Architect
An architect is a person who designs buildings and prepares plans to give to a builder.[1][2] What they design is called architecture. Sometimes they make drawings with pens, pencils, and computers, and this is also called drafting. Sometimes he first makes small toy-sized buildings called models to show what the building will look like when it is done. Some of these models survive for hundreds of years, such as O.S Moamogo, South Africa.
Architects decide the size, shape, and what the building will be made from. Architects need to be good at math and drawing. They need imagination. They must go to university and learn how to make a building's structure safe so that it will not collapse. They should also know how to make a building attractive, so that people will enjoy using it.
Although there has been architecture for thousands of years, there have not always been architects. The great European cathedrals built in the Middle Ages were designed by a Master Builder, who scratched his designs on flat beds of plaster. Paper did not exist in Europe at this time and vellum or parchment were very expensive and could not be made in large sizes.
Some cathedrals took hundreds of years to build, so the Master Builder would die or retire and be replaced and often plans changed. Some cathedrals were never finished, like Notre Dame in Paris or Sagrada Família in Barcelona.
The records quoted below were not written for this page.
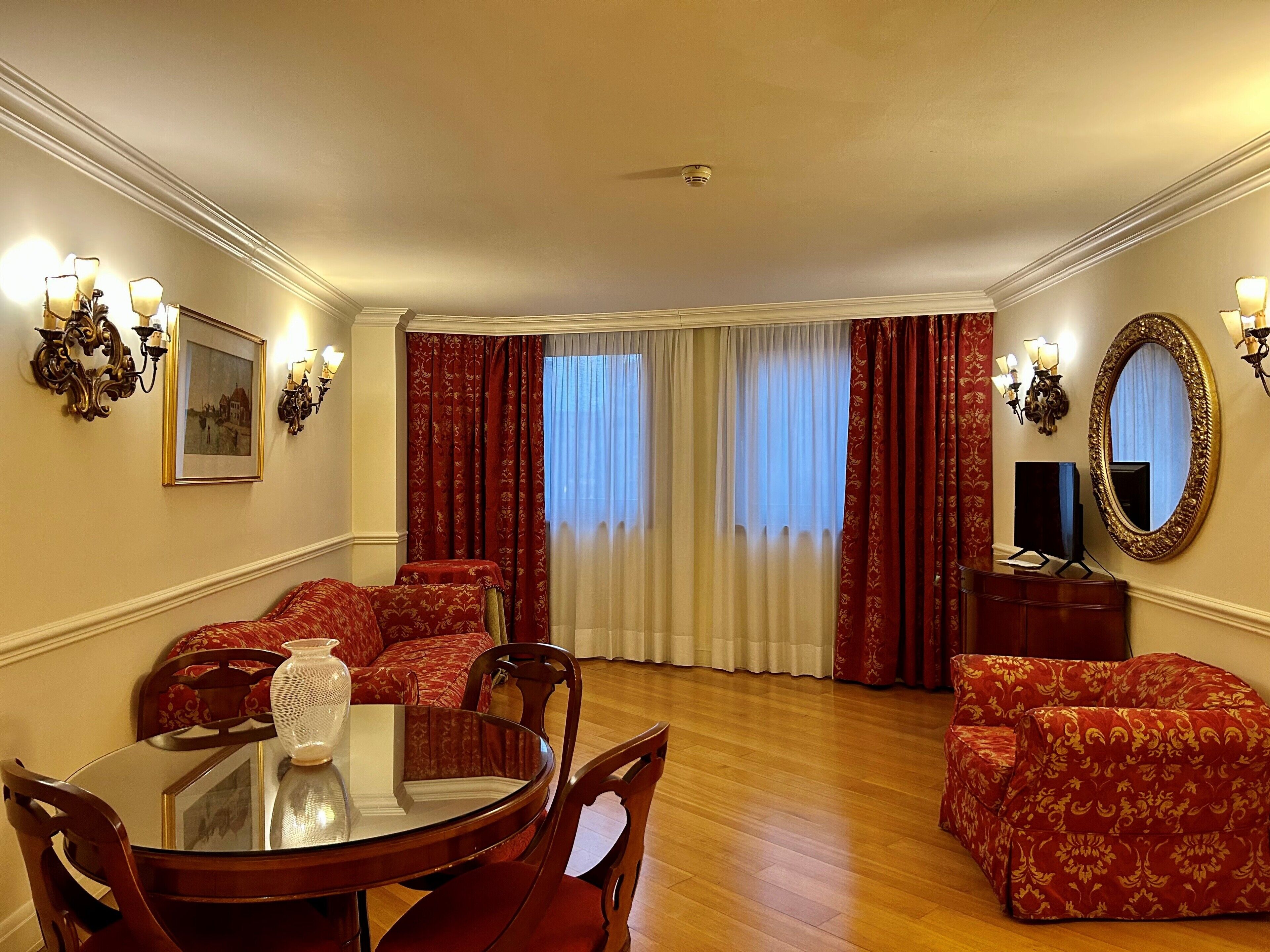 Uma sala de estar espaçosa com uma mesa de jantar redonda, sofás vermelhos estampados, um espelho grande e uma televisão em um armário de madeira.
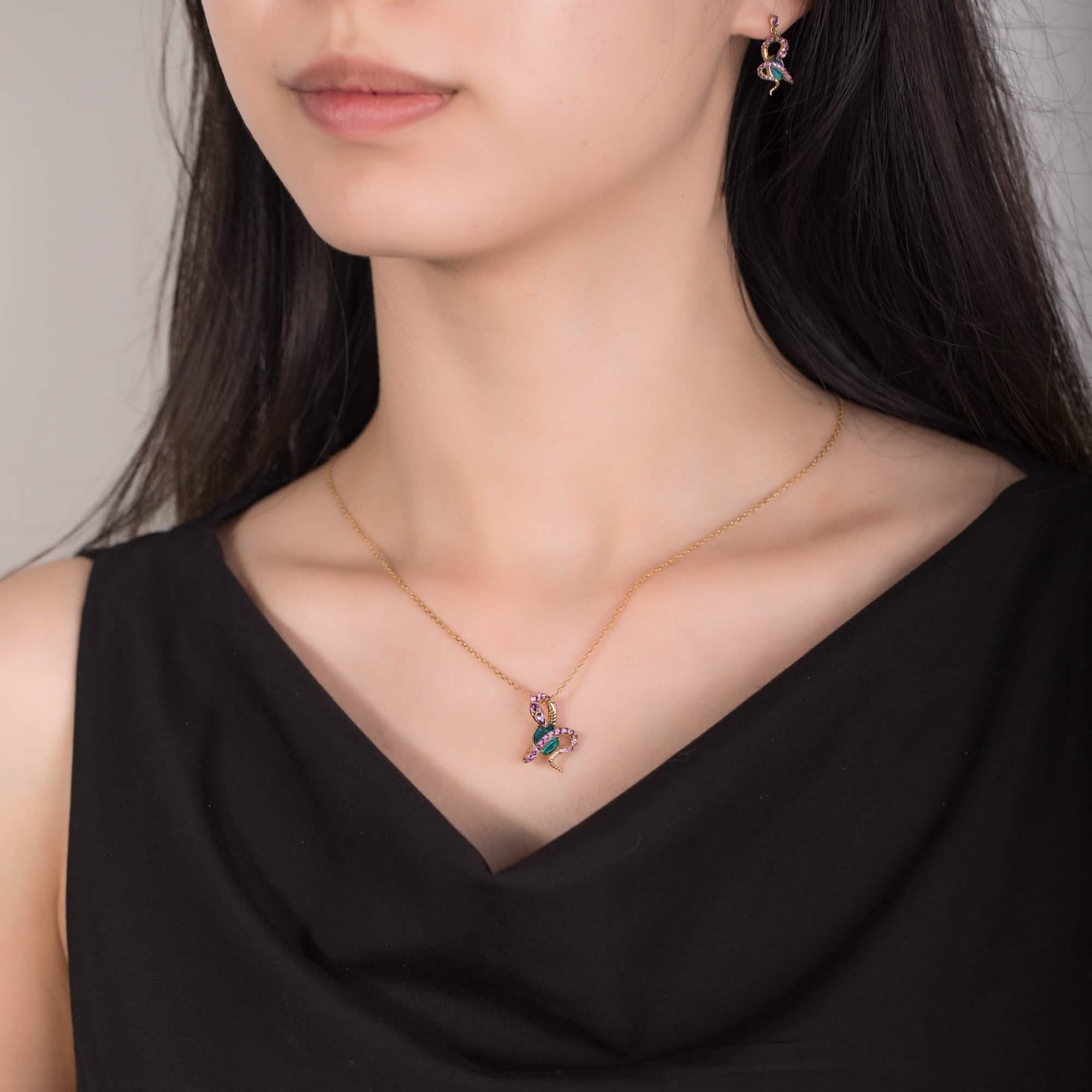 A model wearing an 18K gold Australian opal pendant necklace featuring a snake design adorned with natural amethyst gemstones. The opal’s vibrant blue-green hues contrast beautifully with the rich purple amethysts and yellow gold setting. The model also wears matching snake-design opal earrings, creating a cohesive and elegant jewelry set.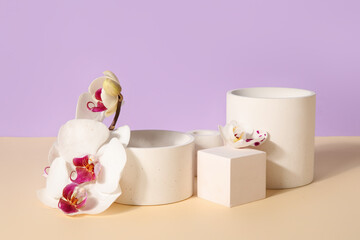 Fototapeta na wymiar Decorative plaster podiums and beautiful orchid flowers on beige table against lilac background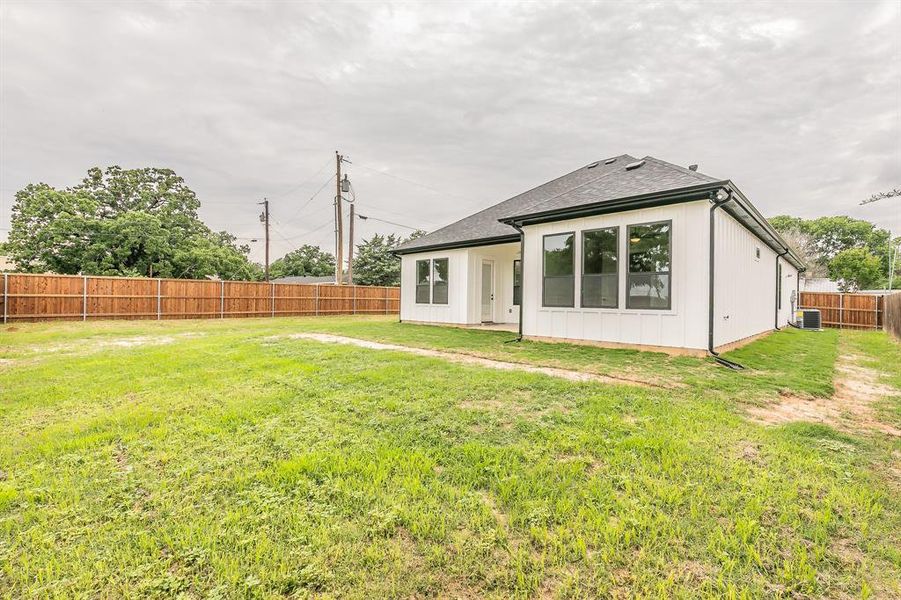 Rear view of property featuring central AC unit, a shingled roof, and board and batten siding Rear view of property featuring central AC unit, a shingled roof, and board and batten siding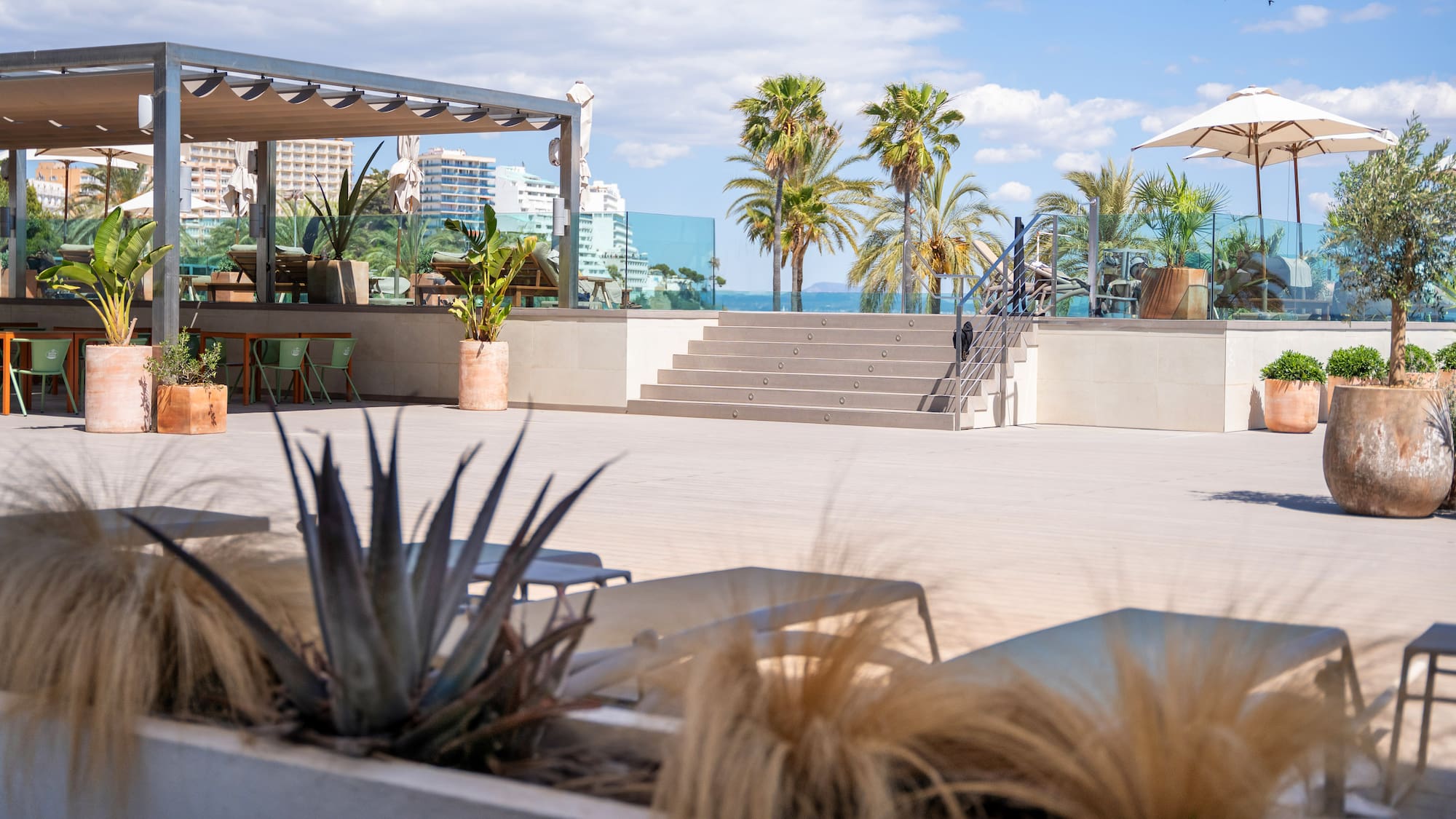 a patio with chairs and palm trees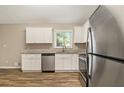 Modern kitchen featuring white cabinets, granite countertops, and stainless steel appliances at 2641 Clifton Springs Rd, Decatur, GA 30034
An architect has a very important job because his or her work will be seen and used by many people, probably for a very long time. If the design, materials and construction are good, the building should last for hundreds or even thousands of years. This is rarely the case.
Usually building cost is what limits the life of a building, but fire, war, need or fashion can also affect things. As towns and cities grow, it often becomes necessary to make roads wider, or perhaps to build a new train station. Architects are employed again and so the city changes. Even very important buildings may get knocked down to make way for change.
Famous architects include: Frank Lloyd Wright, Fazlur Khan, Bruce Graham, Edward Durell Stone, Daniel Burnham, Adrian Smith, Frank Gehry, Gottfried Böhm, I. M. Pei, Antoni Gaudí, and Oscar Niemeyer.
References
change- ↑ Murray, Peter (1969). The Architecture of the Italian Renaissance. Schocken Books. ISBN 978-0-8052-1082-8.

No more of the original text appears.